Why are our bosses so eager to warn us we’re laid off?

It’s Friday night, December 16th about 10:00 p.m. and my boss called me to let me know I’d been laid off. “But wait, it’s not midnight yet and the House passed the budget“, I say. “No, if things don’t get passed you can’t come to work on Monday”, he said.

So I’m a little ticked, to say the least. Ticked because I’ve been “laid off”? No, ticked because this knee jerk call woke up my kids. Ticked because the Hill can’t seem to get anything done until the 11th (and a half) hour. Ticked because this makes fantastic news.

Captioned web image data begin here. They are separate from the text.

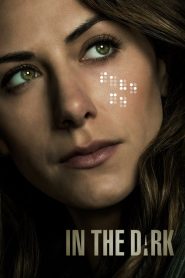 In the Dark: Saison 4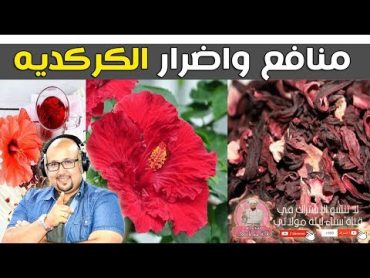 منافع وأضرار الكركديه الصحية مع الدكتور عماد ميزاب imad mizab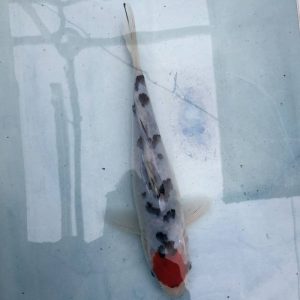 Koi Tancho Sanke, 21-25 cm - Koifarm Straeten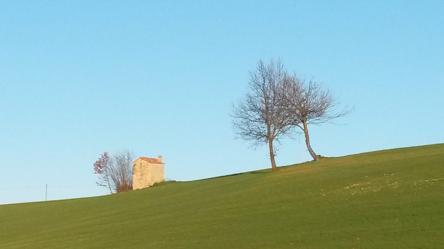 Passeggiando e assaggiando con Pellizza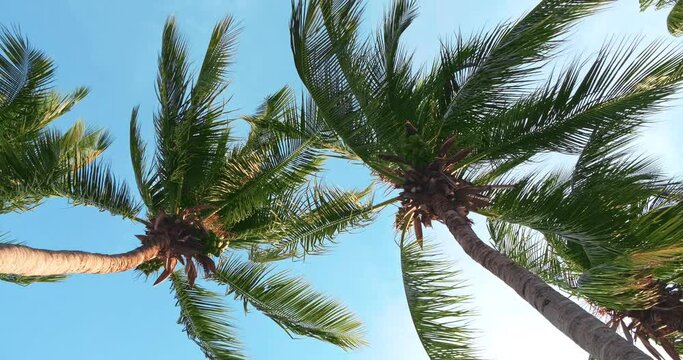 Look up of Coconut tree fronds blowing in the wind with blue sky background.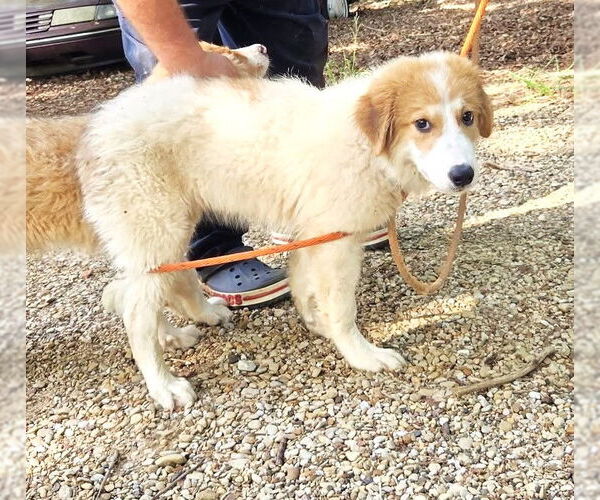 Medium Photo #6 Great Pyrenees Puppy For Sale in Spring, TX, USA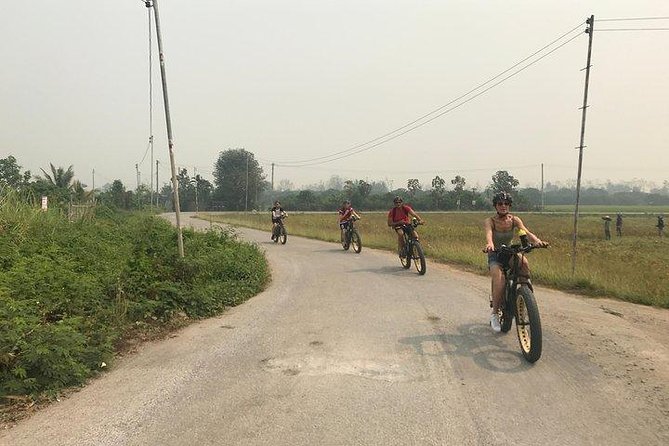 Full-day E-bike Countryside and Nam Phrae (flat-hilly, GUIDED) - Ping River Countryside: Rice Fields, Orchards, and Easy Scenic Flow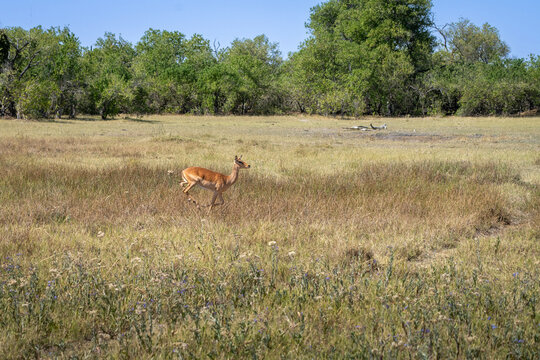 Springbok running in the savannah in  the Okavango Delta, Botswana, observed during a morning game drive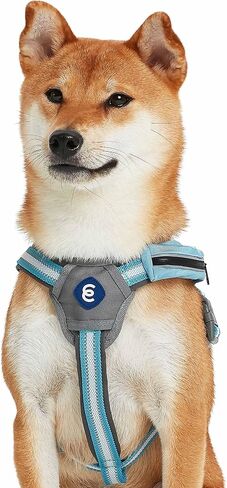 سترة لحزام الكلاب من Blueberry Pet Essentials عاكسة للعودة إلى الأساسيات مع جيب للمكافآت، لون أزرق سماوي، أحزمة صغيرة قابلة للتعديل للكلاب in Saudi Arabia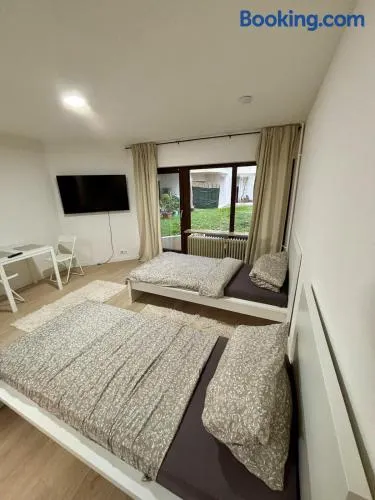Charmantes Einzimmer Apartment in Kehl - Image 1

Come Monday morning it will be business as usual. I just hope my kids aren’t cranky.

#fail

Leave a Comment

9 Comments

Leave a Reply

Susan Thomas

Your boss clearly jumped the gun. Agencies must have shut down plans that identify employees that are “excepted” and “non-excepted”. Employees should always be aware of what the agency shut down plan states and their status, in the event of budget impasses. This is not classified information. I informed my employees that, in the event of a furlough, they were “not excepted”. They already know. As a manager, I was still required to put them on informal notice, pending the outcome of Congressional action.

Federal employees are always caught in the middle. Until there is some adult supervision, we can only look forward to more of these machinations.

Benjamin Strong

Thanks Susan. Yes, they jumped the gun. We have been through the drill, received email instructions and knew what category employee we are. I appreciate I needed to be put on “notice”, but I think that notice could have been given at a reasonable hour.

Perhaps we can look forward to a less dysfunctional Congress. Ha!

Andrew Krzmarzick

A quick perspective thing here. I don’t have the experience with your boss that you do, but one might make the argument that he was trying to wait until the last possible moment to make that call and 10p has usually been my cut-off in calling anyone. Maybe he didn’t want to call you on the weekend, so he snuck it in on Friday night rather than call on Saturday or Sunday. Maybe your boss had good intentions…and assuming the best might allow you to be a little less pissed.

Or maybe he is like Scrooge and just getting in the Dickensian holiday spirit. 🙂

Benjamin Strong

Andrew, I think there is tremendous pressure from senior levels to be “on the tip of the spear”. That forward leaning, knee jerk mentality may be beneficial in certain situations but this is probably not one of them. I’m fortunate I’ve got some time under my belt, some savings for such an instance, and I watch the news (I knew a layoff wasn’t really going to happen). But what if I’m a younger fed, with financial troubles, struggling? What if someone in crisis received this knee jerk call? In this tough economy I shudder to think what might happen. I’d hate to hear a fellow employee, in crisis, did something rash because they thought they had been laid off.

I just ask our leader use some common sense when notifying employees of potentially bad news.

Oh, and my boss isn’t Machiavellian, he was just following orders. I’m sure it was well intentioned.

Carol Davison

Bosses do this because they want to give the bad news rather than waiting and having the rumor mill be seen as a more accurate and timely information bearer or distort things.

I would rather hear bad news that is wrong and prepare for it, than otherwise.

At this holiday time of great spending and travel some people need to be told to economize.

Benjamin Strong

Carol, I agree the bad news needs to be shared but there is a time and place for everything. 2200 hours on a Friday night for a group of employees that do not report on the weekends is probably poor timing. The notifications could have been made prior to close of business on Friday or during more normal business hours on the weekend.

This was the third time we prepared for such a shutdown. We’ve become experts at this madness.

Susan Thomas

Employees should be well aware of their work status before a shutdown looms or occurs. Congress has proven it does not care about the strain this puts on workers. Politicians do not realize there are real people who struggle every day to make ends meet. A furlough of just a few hours or one day could devastate already strained budgets.

Paul Alberti

The other side of this is – “no one ever tells me what is going on, my Boss never informs us of important issues”. So, err on the side of informed or wait, “knowing” there will be no shutdown. But then the impossible happens and you hear it on the news or a friend not in the government calls you to give you a hard tome for waisting your time as a Fed. “But my Boss didn’t call me”. I have been on both sides – never easy timing calls like that. My calls were telling my soldiers they were deployed for a year plus – get that one wrong and you mess up alot of people.

But imagine if Congress could actualy do one of the appointed functions listed in the Constitution – fund the federal government on time. Now – that is somethng to call about!